Staatsrecht 3 - RUG - Oefententamen 2017/2018 (2)

Vragen

Vraag 1

Maximaal aantal woorden: 120
Mogelijk aantal punten: 10
Geef aan hoe het Grundgesetz probeert te garanderen dat het Bundesverfassungsgericht (BVerfG) zowel de soevereiniteit van het Duitse volk als het federale karakter van de Bondsrepubliek representeert. Motiveer Uw antwoord aan de hand van het Grundgesetz. (10 punten)

Vraag 2

Maximaal aantal woorden: 300
Mogelijk aantal punten: 10
Stel: Nederland overweegt de vertrouwensregel te codificeren en kijkt daarvoor naar het Franse en Zweedse voorbeeld. Welke van beide voorbeelden is dan het meest geschikt om over te nemen, in de zin dat het het beste past in het Nederlandse staatsbestel? (10 punten)

U hebt voor het antwoord op deze vraag de Grondwet in principe niet nodig.

Vraag 3

Maximaal aantal woorden: 120
Mogelijk aantal punten: 10
Frankrijk kent, net als Nederland, een incorporatiestelsel ten aanzien van de doorwerking van geschreven internationaal recht. Toch verschillen deze beide systemen ook op een aantal punten. Noem twee punten waarop het Franse systeem afwijkt van het Nederlandse. (10 punten)

U hebt voor het antwoord op deze vraag de Grondwet in principe niet nodig.

Vraag 4

Maximaal aantal woorden: 120
Mogelijk aantal punten: 10
In Nederland bestaat voor de regering de mogelijkheid om zonder grondslag in de wet algemeen verbindende voorschriften uit te vaardigen; deze bevoegdheid is vastgelegd in artikel 89, tweede lid van de Grondwet.
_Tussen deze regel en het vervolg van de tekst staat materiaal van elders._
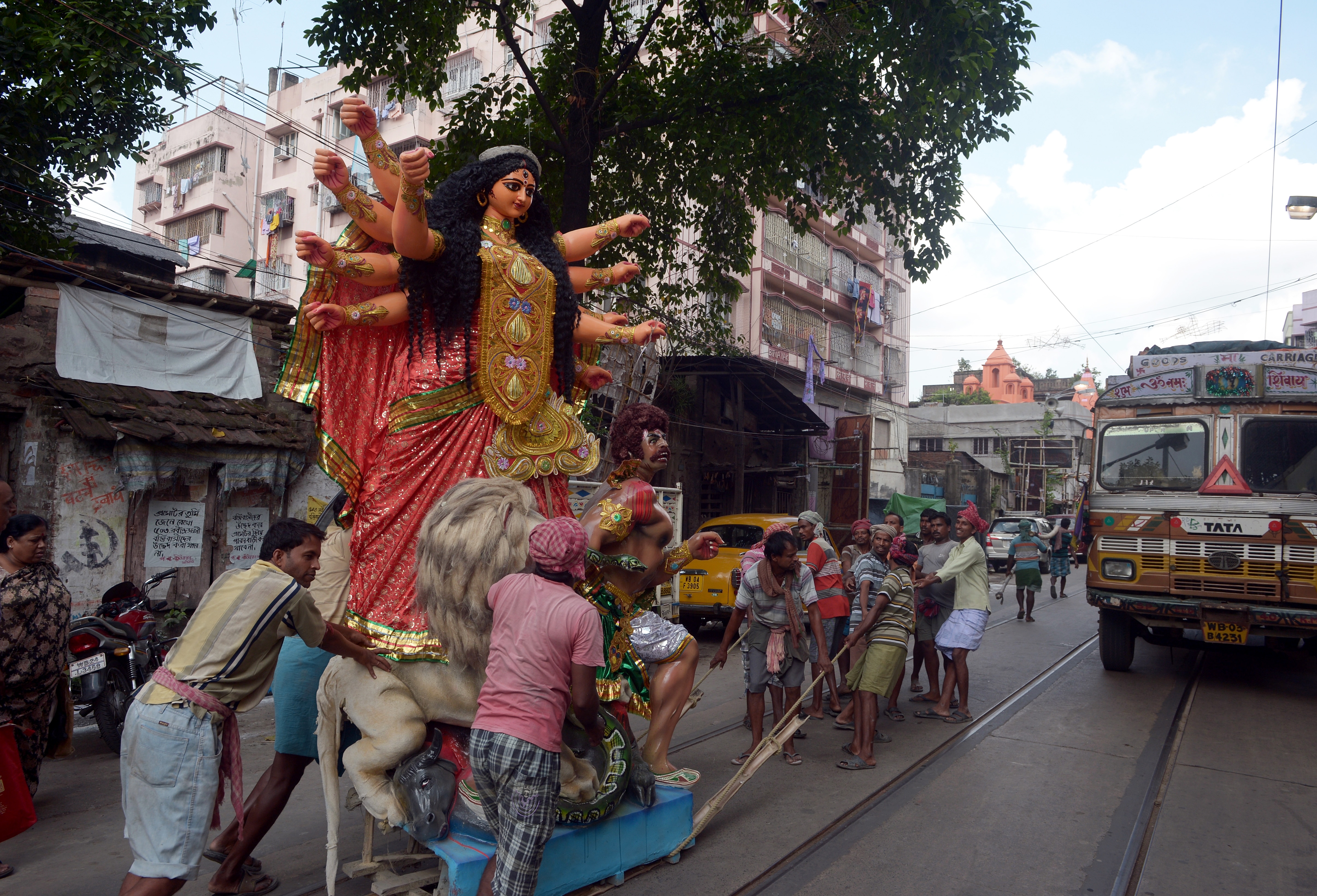 Labourers move an idol of Goddess Durga in Kolkata. (AFP)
Bestaat in Frankrijk evenzeer de mogelijkheid voor de regering om dergelijke algemeen verbindende voorschriften, die geen grondslag in de wet hebben, uit te vaardigen? Motiveer Uw antwoord, mede aan de hand van de Franse constitutie.
(10 punten)

U hebt voor het antwoord op deze vraag de Grondwet in principe niet nodig.

Vraag 5

Maximaal aantal woorden: 250
Mogelijk aantal punten: 10
In Duitsland vormt de Legitimationskette een belangrijk concept waaraan het democratisch gehalte van de staat moet voldoen. In hoeverre voldoet de aanstellingswijze van de organen die in het Verenigd Koninkrijk betrokken zijn bij de vaststelling van Acts of Parliament aan de eisen die het Duitse concept stelt? (10 punten)

Vraag 6

Maximaal aantal woorden: 250
Mogelijk aantal punten: 10
Er wordt wel gezegd dat de Constitutie van de vijfde republiek vooral gezien moet worden als een reactie op de Constitutie van de derde en vierde republiek. Leg aan de hand van twee bepalingen uit de huidige Franse Constitutie uit hoe die bepalingen herhaling van de vermeende fouten van de derde en vierde Republiek beogen te voorkomen.
(10 punten)

Vraag 7

Mogelijk aantal punten: 20
Stel, de Duitse deelstaat Saarland is erg gecharmeerd van het Franse staatsrecht en wil zijn grondwet als volgt wijzigen: er wordt een rechtstreeks gekozen minister-president ingevoerd; omdat de minister-president rechtstreeks gekozen gaat worden krijg die ook de bevoegdheid zelf ministers te benoemen; deze ministers blijven wel afhankelijk van het vertrouwen van de Saarlandse Landdag; het kiesstelsel voor de Saarlandse landdag, dat sterk lijkt op het kiesstelsel voor de Duitse Bondsdag, blijft ongewijzigd.

Vraag 7A

Leg uit of het Grundgesetz (GG) het toestaat dat Saksen de voorgestelde wijzigingen van de Saarlandse grondwet doorvoert. (10 punten)

Vraag 7B

Stel: de voorgestelde wijzigingen zijn ingevoerd. Leg uit in hoeverre u het dan waarschijnlijk acht dat de Saarlandse regering voortaan zal bestaan uit ministers van één partij. (10 punten)
Maximaal aantal woorden: 300
Mogelijk aantal punten: 10

Vraag 8

Maximaal aantal woorden: 250
Mogelijk aantal punten: 10
De Zweedse constitutie, zoals neergelegd in de Regeringsformen (RF) en de andere wetten met constitutionele rang, heeft van oudsher een karakter dat aansluit bij de Nederlandse constitutie, maar is aanzienlijk normatiever geworden sinds de herziening van 1974. Geef drie voorbeelden waaruit dit tegenwoordige normatieve karakter blijkt. (10 punten).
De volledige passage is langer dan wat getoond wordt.